WHAT’S IT ABOUT?
Evil Irish arms dealer Miles Jackson (Aidan Gillen) is caught by rookie cop Danny Fisher (John Cena), who’s promoted to Detective for his troubles.
During the violent stand-off, Jackson’s girlfriend is hit by a passing car and dies.
Years later, Jackson escapes from jail and decides to wreak his revenge on the cop who put him inside – and who, as he sees it, killed his true love.
So – in true Hollywood action movie bad-guy style – rather than just killing Fisher’s girlfriend Molly (Ashley Scott), Jackson kidnaps her and then sets Fisher a series of challenges – you guessed it, twelve – that he has to complete, if he’s ever to see her alive again.
WHAT’S IT LIKE?
Complete with riddles, games, red-herrings and wild-goose-chases, this is as frenetic as it is pointless.
Anyone as evil and bitter as Jackson would just kill Molly the first chance he gets.

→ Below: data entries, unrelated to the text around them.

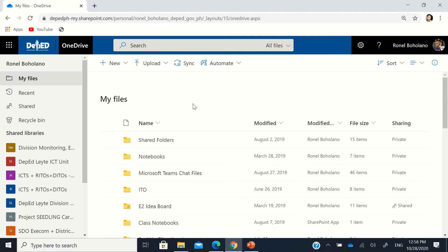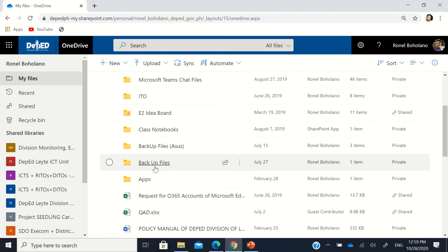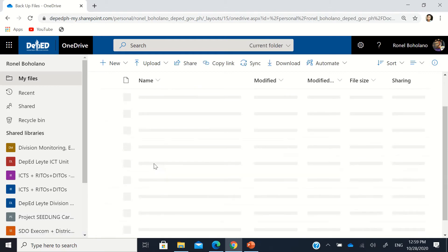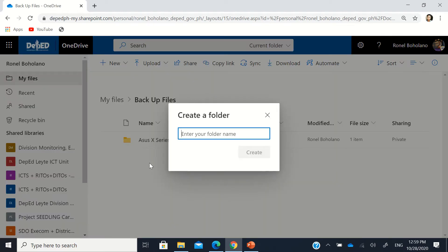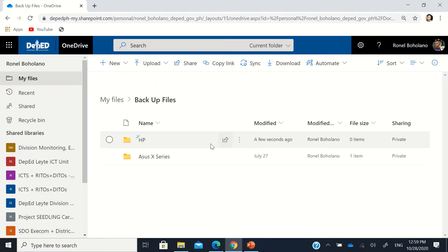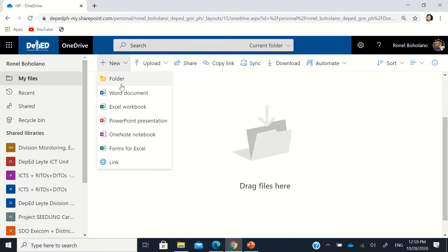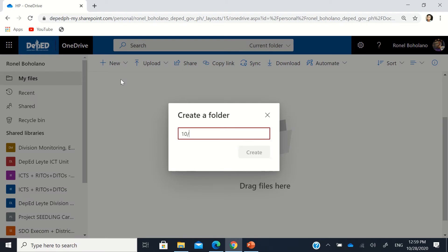In my case, I've already created a 'Backup Files' folder. Inside it I have a folder for my Asus X series laptop, and now I'll create a new folder for another laptop — an HP laptop. I'll click 'New Folder,' name it 'HP Laptop,' and add today's date, like '10-28-2020,' so I know exactly when it was backed up.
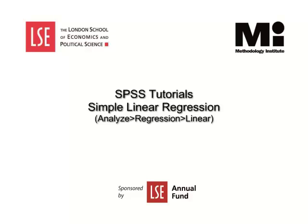Welcome to the LSE Methodology Institute SPSS tutorial series sponsored by the LSE Annual Fund. In this video we will show how to run a simple linear regression.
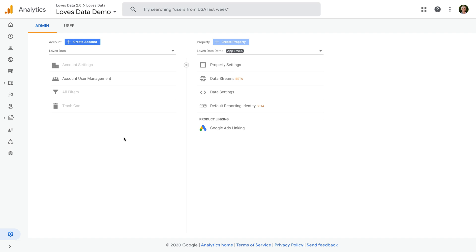Before we link our app and web property to Google Ads, it's worth quickly double-checking that we're using an app and web property. It's easy to tell. Just look for the app and web property label after you've selected your property in the admin area. We can see it here at the top.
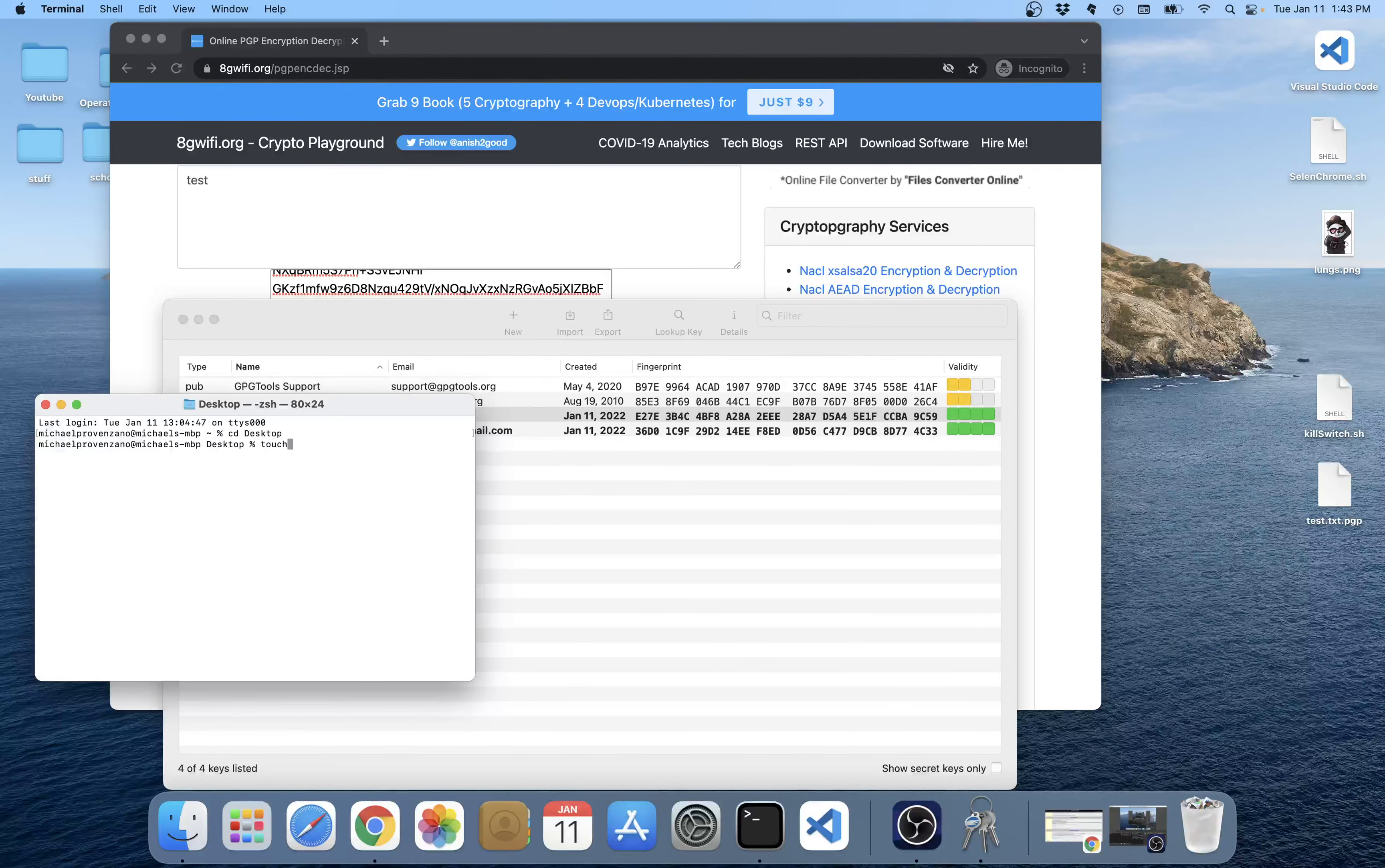And then we'll do dot PGP. And now we paste it in here. We paste the PGP message which you'll be receiving from the person who encrypted the text using your public key. We paste it in, we save it. You have to make sure there's no spaces here.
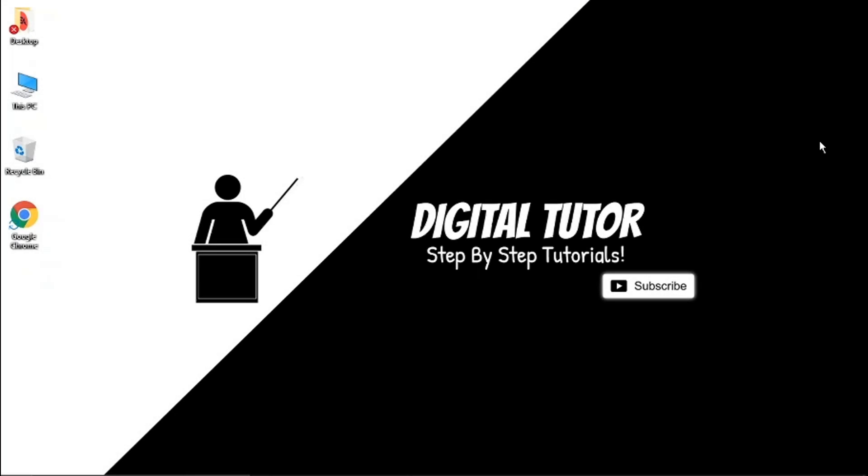Hi guys, what's going on? It's the Digital Tutor here with another step-by-step tutorial. In today's video, I'm just going to show you how to delete your Pinterest account on a PC or laptop.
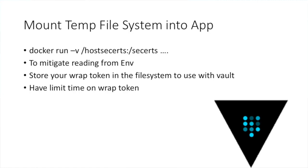A better way to mitigate this — remember how we used the wrap token? Maybe passing a wrap token in an environment variable would be better, but there's an even better way. Rather than passing in an environment variable, you pass in a volume. You mount a volume — a temporary file system — that your application reads a token from and then calls Vault to get back the secrets. Store the wrap token in the temporary file system, and have your application read it and log into Vault to get the information. Have a limited time on it. Docker starts up fast — within 30 seconds — so you could have a token that's only valid for a minute or two, and it should be able to get your secrets when the app starts up.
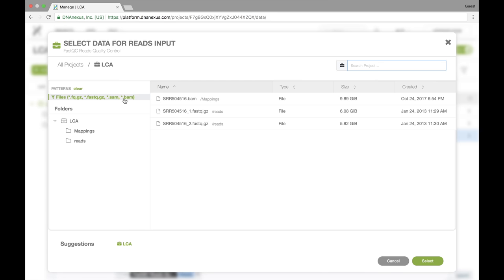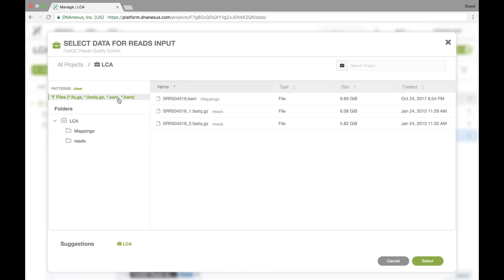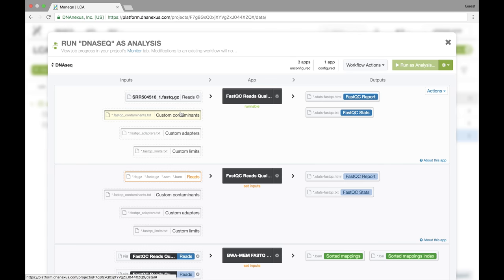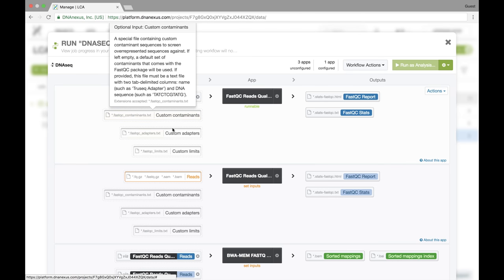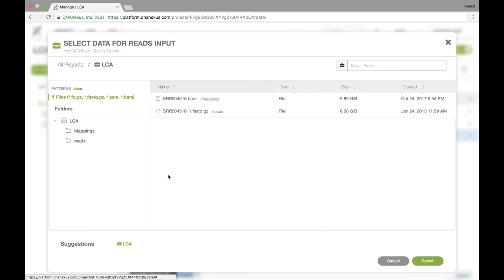We can toggle that on and off by simply clicking. We'll keep it on since we want fast queue files. And here I'll select the forward read. I do the same thing for the reverse read.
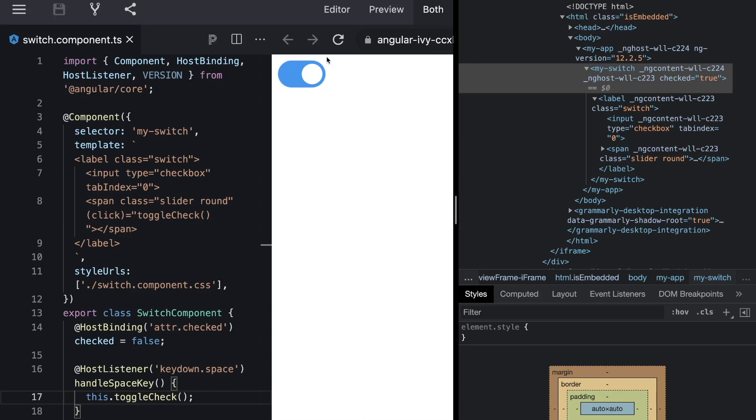Host binding and host listeners are two very powerful Angular features. Use host binding to bind something to the host. It can be a class or an attribute. And use host listener to react to something that happens on the host, which can be key events, click events, mouse in, mouse out, any kind of events.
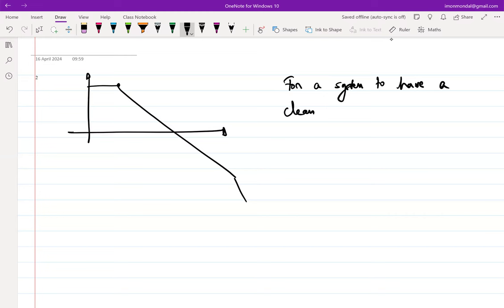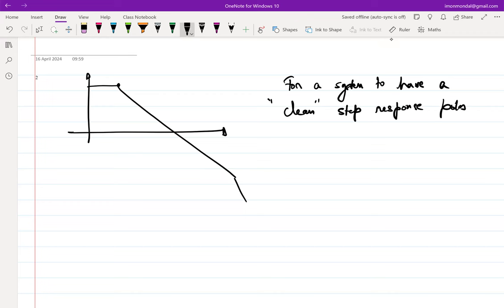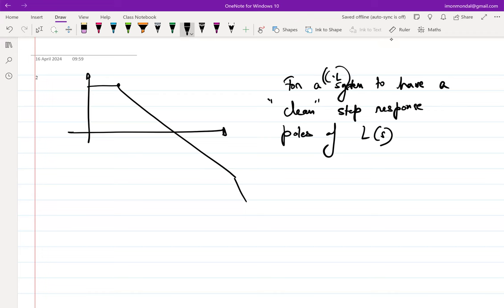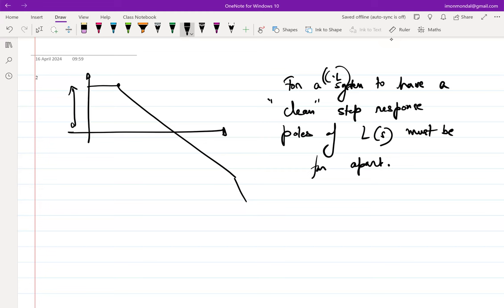For a system to have a clean step response — 'clean' meaning not overshooting or undershooting by a lot — the poles of L(s) in a closed-loop system must be far apart. Obviously, for the system to finally settle accurately, the DC gain should be large enough, much more than 0 dB.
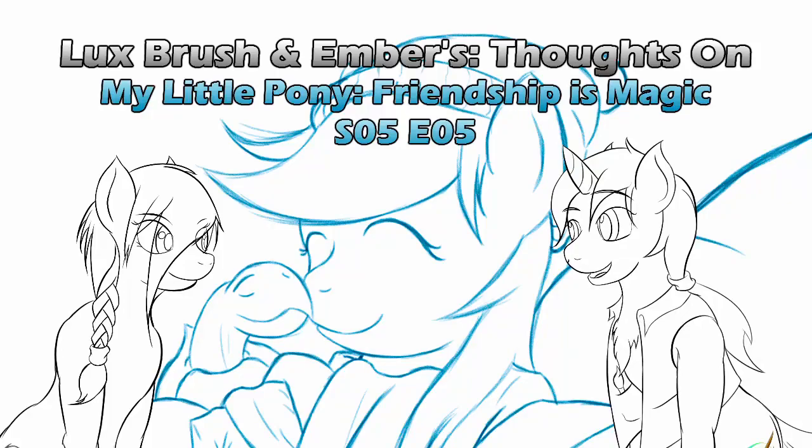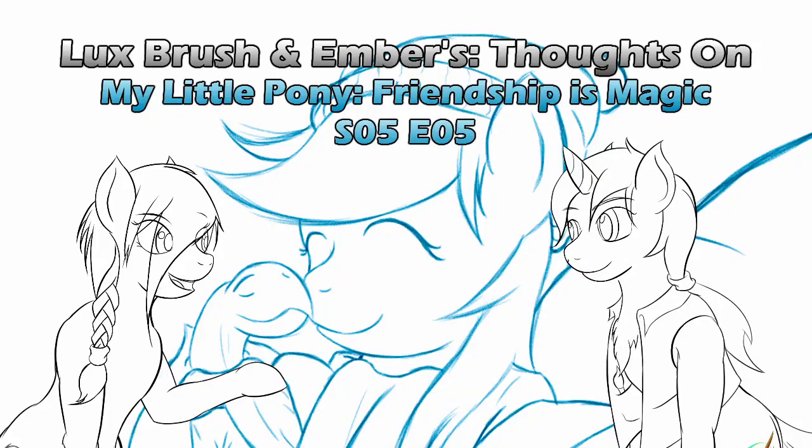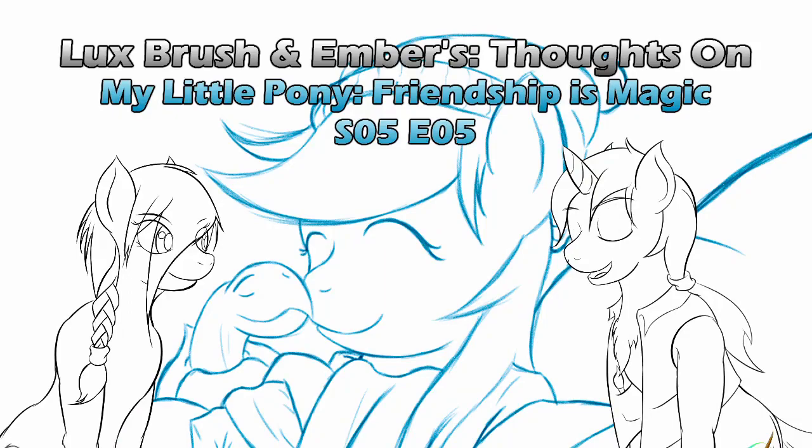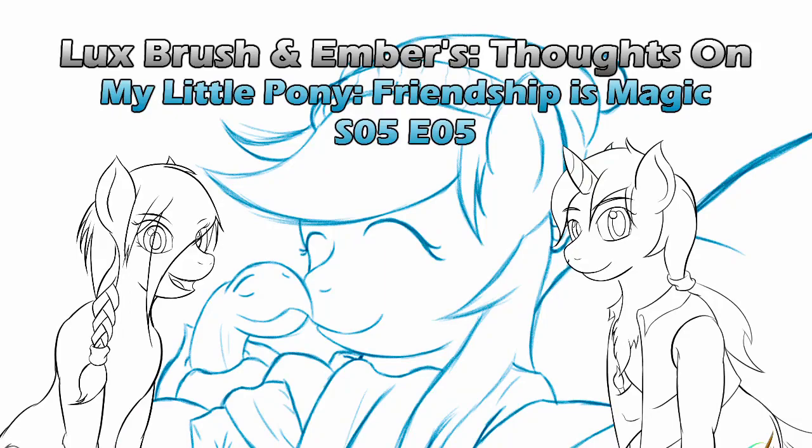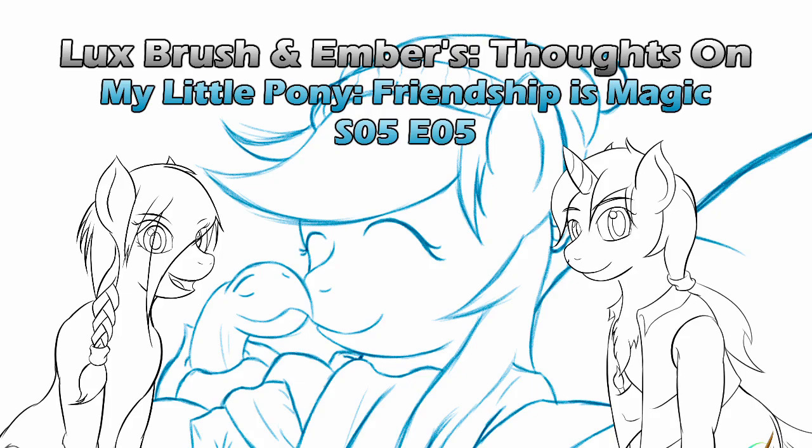You rang? Oh, Lex, there you are. Time for recording. Yes. Hello, I'm Lux. And I'm Ember. And this is our thoughts on My Little Pony, Friendship is Magic, Season 5, Episode 5, Tanks for the Memories.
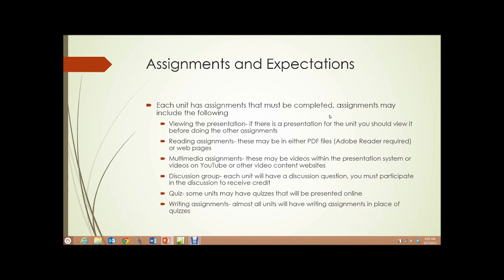Multimedia assignments. These might be videos within the presentation system itself or videos on YouTube or other video content websites. There may be links to these videos that you need to watch.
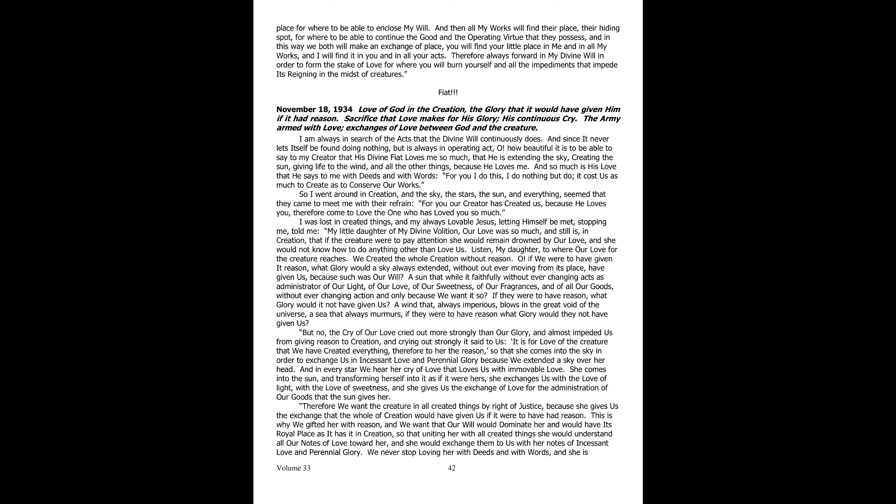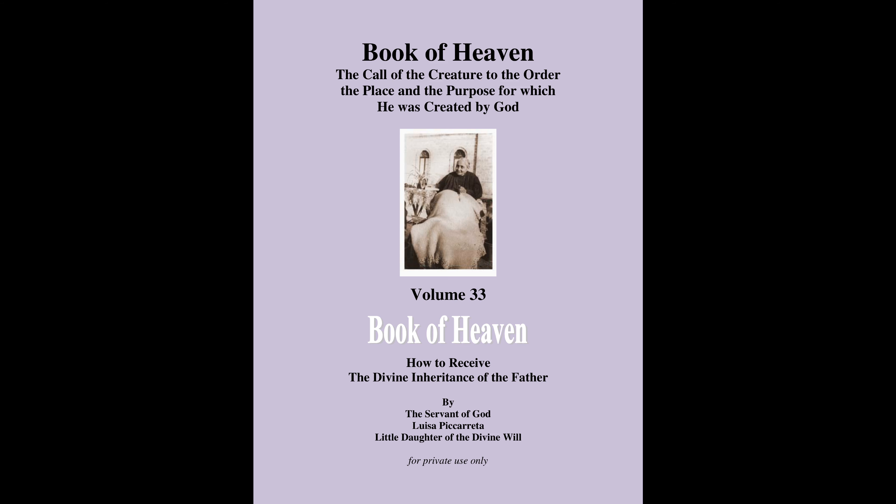You have reached the end of the Book of Heaven, Volume 33, Part 9. Fiat.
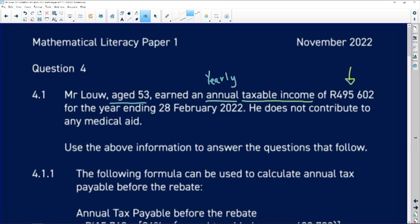He does not contribute to any medical aid. As a side note when it comes to taxation: do not subtract anything that is not given to you. If they don't say UIF is charged at 1%, don't go and subtract UIF, because you'd be making an assumption. Don't add and subtract things not given in the question. If medical aid was not given, this person is not paying for it.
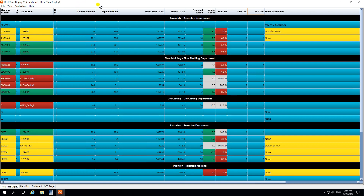We also have goods production, which is based on the current counter of the machine as well as the signals connected — either based on cycle times, or if running on an encoder measuring pulses per minute (which can be converted to meters per minute), or for an assembly department, parts assembled per minute. There are numerous production standards we can measure against. We then have expected parts, which is an identifier based on the job setups, standard speeds, standard cycles, and standard packing times.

OK, perhaps like the talkative movie bad-guy he is, he might have a little fun at their expense first, but the extent to which he goes – apparently without help from anyone else – is stretching believability way past its breaking point.
In this strange world, the deadly enemies refer to each other by their first names, which seems unexpectedly mature and civil of them.
The camera work and editing are wildly over the top – the shots are so shakey, they’d make the directors of The Shield sea-sick – and the editing is so fast, most of the time, you just can’t see what’s going on, which is a shame, as it’s otherwise nicely framed and lit.
Coming from Renny Harlin, as you’d expect, it’s tremendously slick and bursting with energy that will leave you trembling (although not surprised) by the end of a fun ride, but equally, it’s plain silly.
With melodramatic acting, crazy fish-out-of-water stunts, corny dialogue (“If we don’t stop that ferry in thirty seconds, Molly’s going to die”), an implausible storyline and mind-muddling visuals, it leaves your mind spinning.